# Records for this task
'''
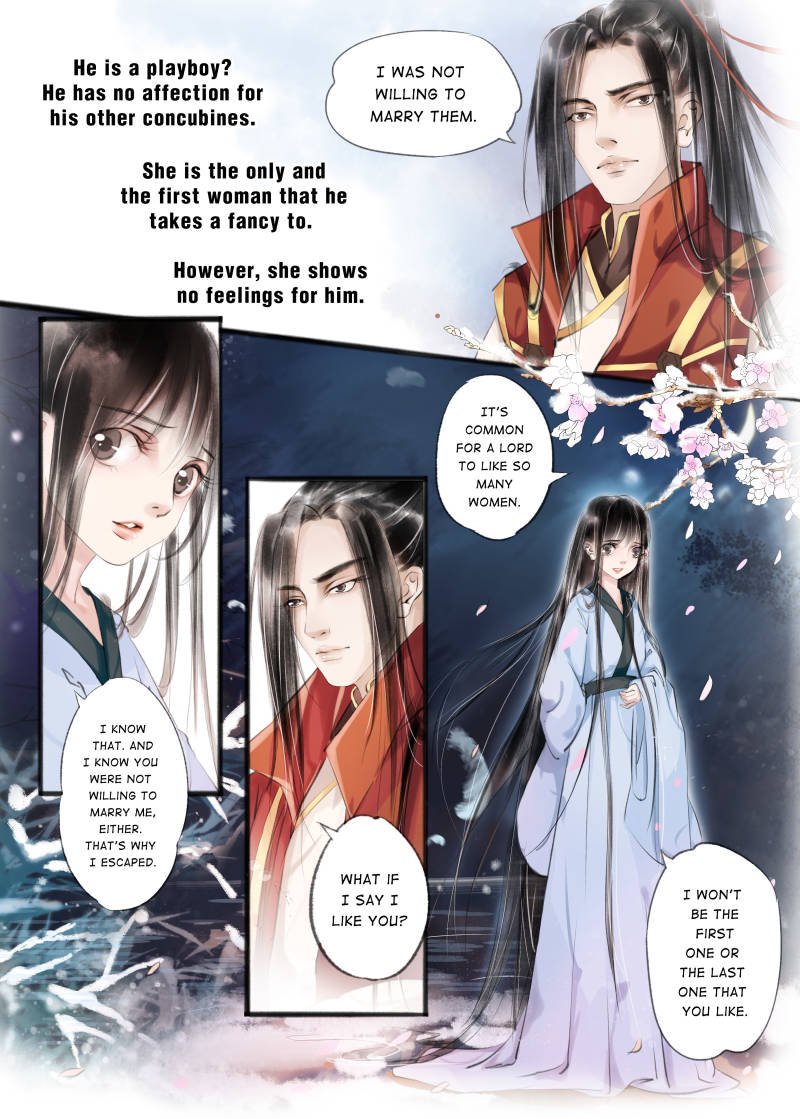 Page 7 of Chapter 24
'''
'''
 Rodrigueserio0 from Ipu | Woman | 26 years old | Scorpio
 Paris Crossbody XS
'''
# Goal of the exercise
The exact lines of the material above starting at the one that contains "Rodrigueserio0 from Ipu" and ending at the one that contains "Paris Crossbody XS" are what to retype; leave out everything else.

# Task response
 Rodrigueserio0 from Ipu | Woman | 26 years old | Scorpio
 Paris Crossbody XS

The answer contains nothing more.